As scholars of race and ethnicity in the United States, we were disappointed to learn that the University’s Homecoming Committee had posted a video online that ended up deepening the sense of alienation felt by many students of color on campus instead of contributing to the celebration.
Students have raised their voices about this, and we hear them. Indeed, the incident takes many of us back to our own early experiences in higher education, and our own struggles to find our places in institutions that offered much, but sometimes pushed us away in subtle and unsubtle ways.
This is not the first racially charged incident to attract the campus’s attention in recent years—or even this semester. The emerging pattern should make us all sit up and take notice. We urge students, staff, and our fellow faculty to redouble efforts at dialogue, reflection, and self-examination. If you spend enough time in communities of Latin American descent you might just hear somebody say that el respeto es básico–respect is basic. Maybe that’s a place to start.
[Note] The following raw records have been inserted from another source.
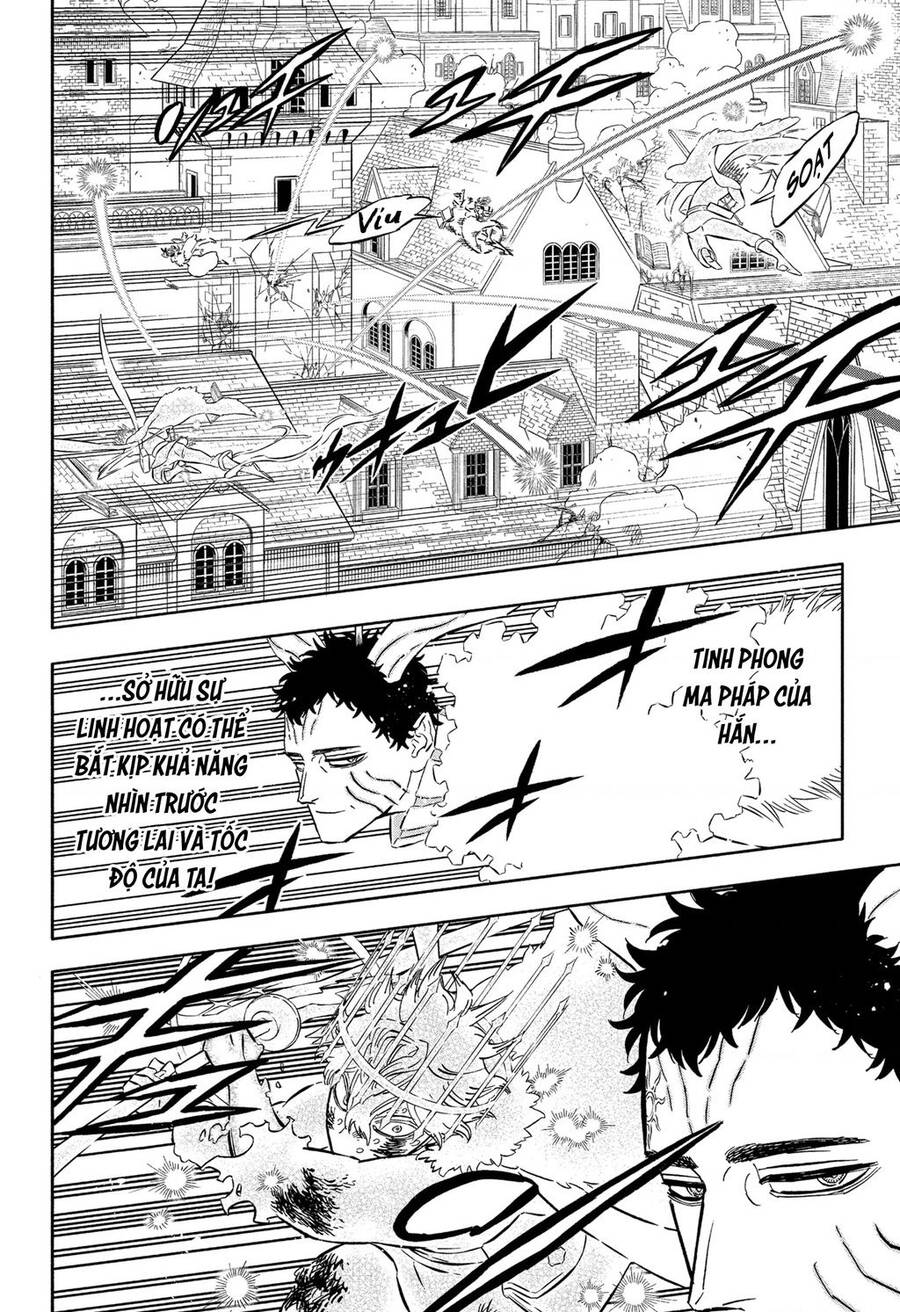 Black Clover - Thế Giới Phép Thuật Chap 360 - Next Chap 361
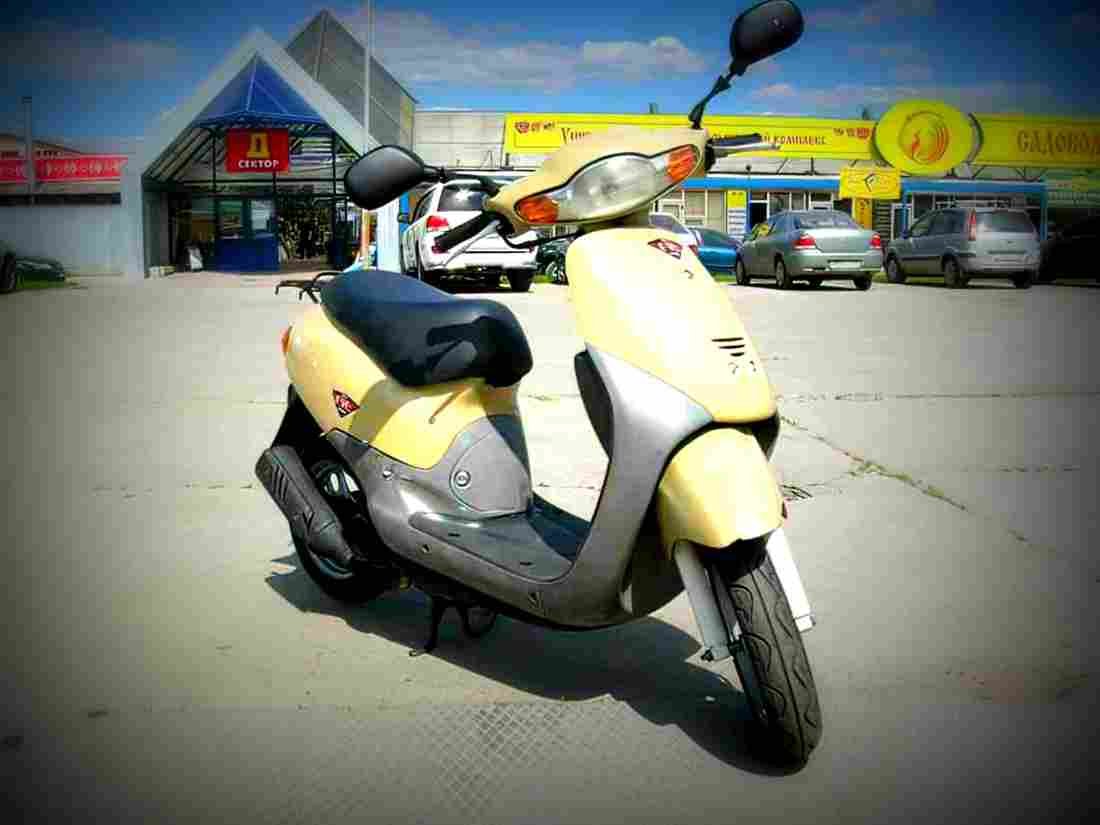 Honda Dio Fit Dio Fit 5 motorbike A4 Photo Print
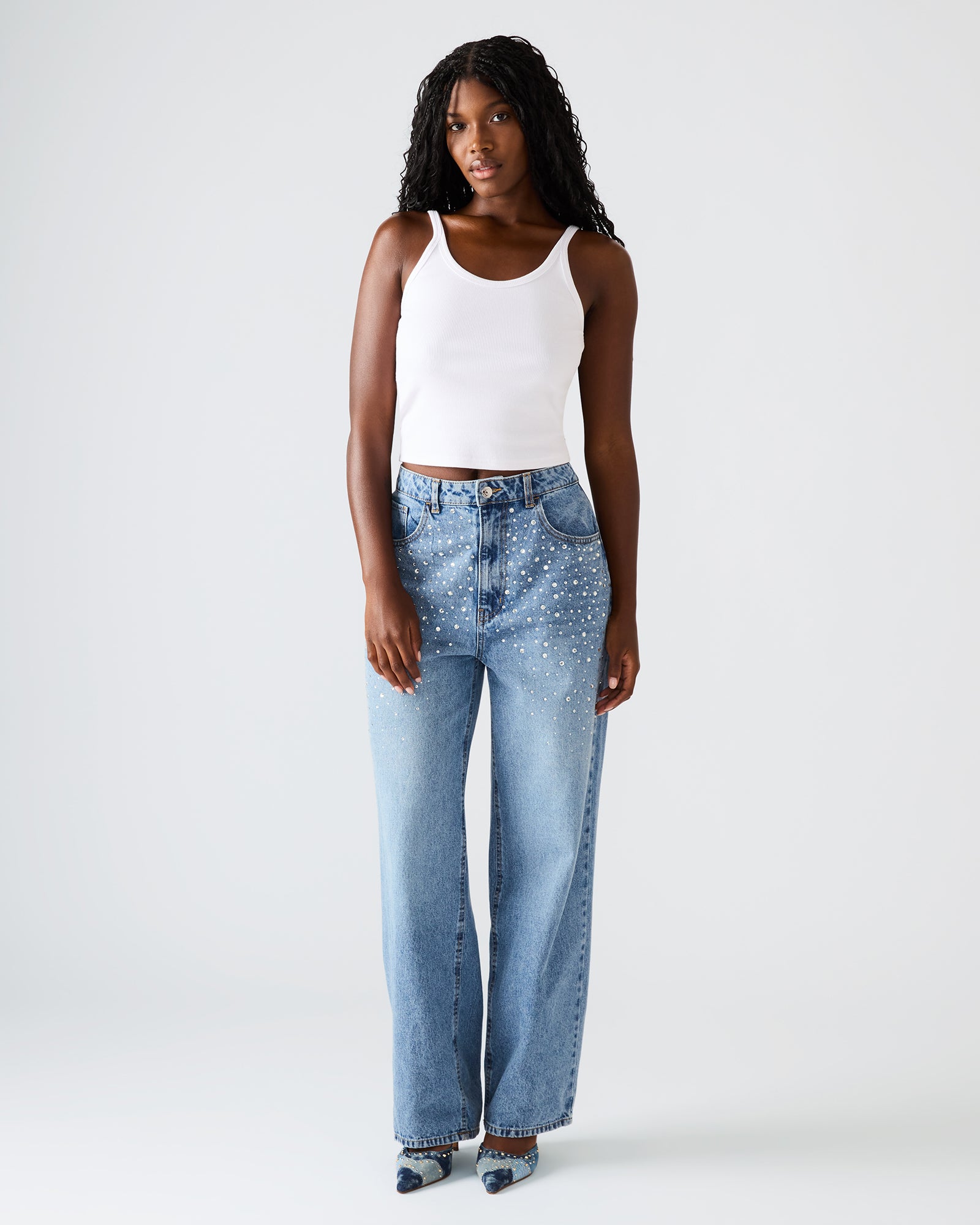 TAYLOR JEAN FOREVER BLUE-Cool A Warm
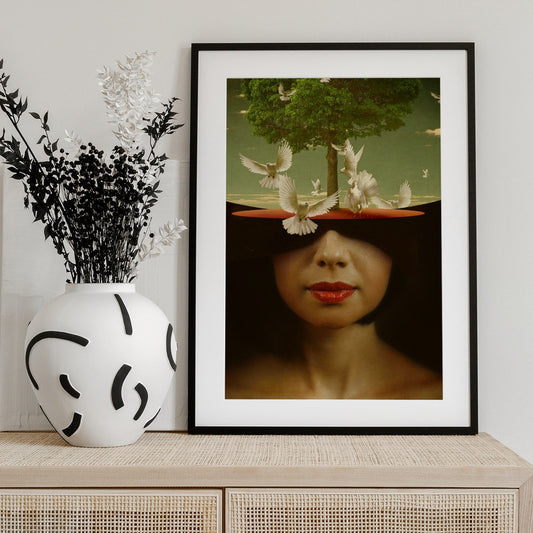 *** - Art Print by Svetlana Melik-Nubarova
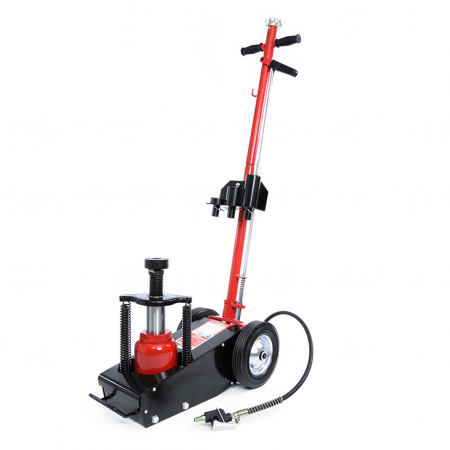 Scule hidraulice - Cric hidraulic 22 Tone 245-535mm camion tir utilaje cu actionare pneumatica (M80392-2)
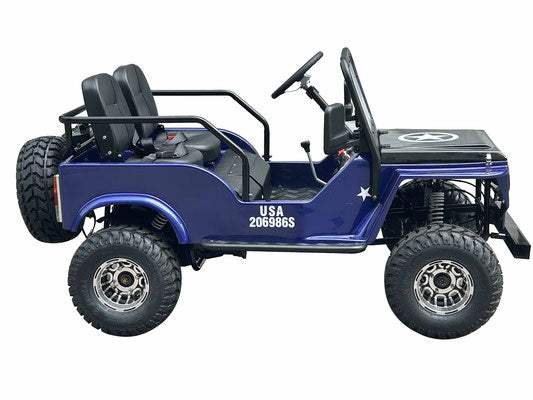 Jeep 150cc GR-2 Go Kart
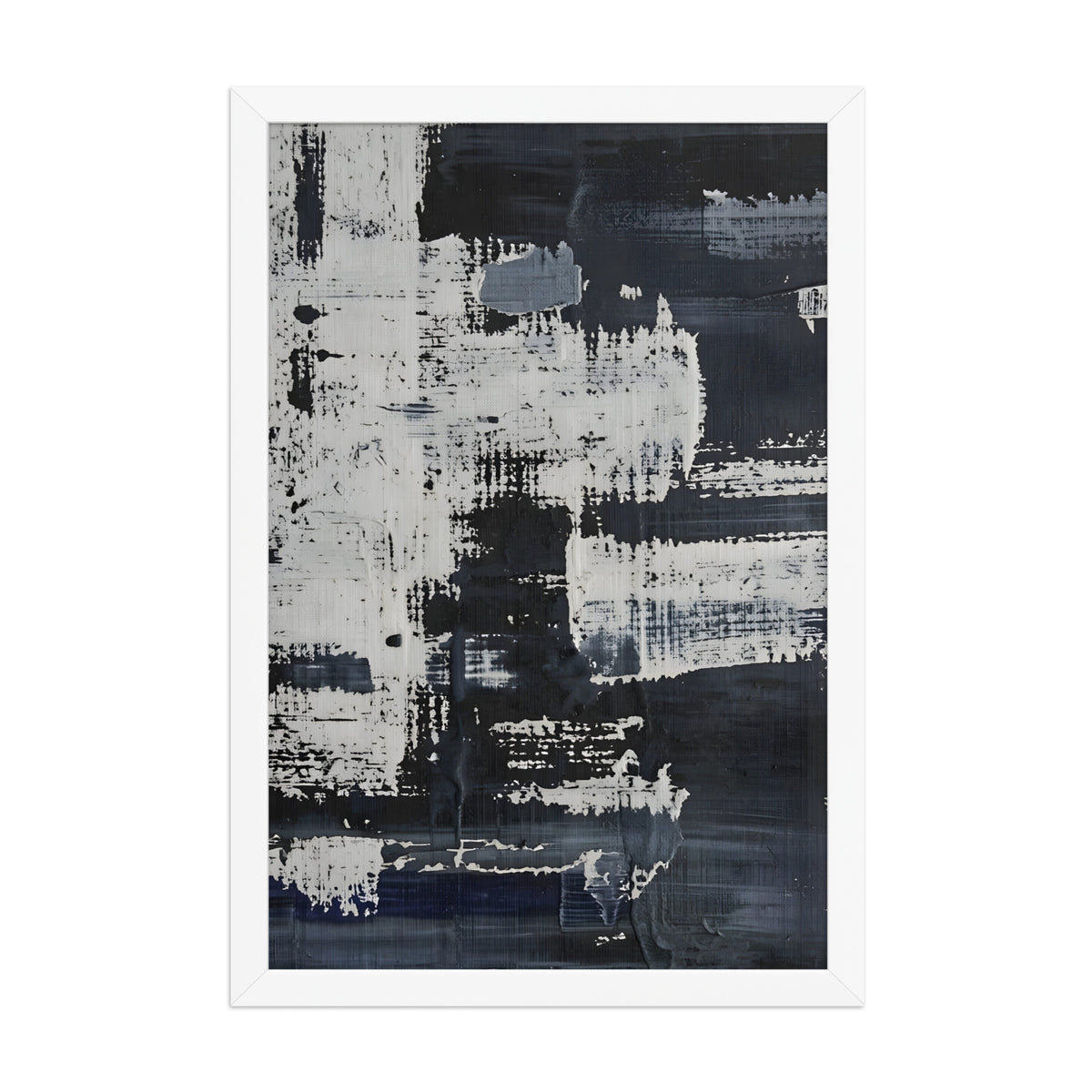 MB CANVAS ABSTRACT WALL ART PRODUCT MOCKUP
We were heartened by the University’s thoughtful response from the past week, and by the Chancellor’s words on the subject in her State of the University Address. We also appreciate the concrete steps outlined in a recent email to the campus community from Vice Chancellor Reesor, Deputy Vice Chancellor Sims, and Alumni Association Director Schutt.
Through our academic offerings, the CLS Program will continue to educate the campus community about inequality and injustice. Through our co-curricular programming, we will help students find and create a dignified and informed community on campus. The controversy surrounding the homecoming video is one more sign that what we do is central and critical for OUR university to become more just. In the coming months and years, we will strive to offer and engage with new paradigms that we believe can lead us all toward common ground as community, state, and nation.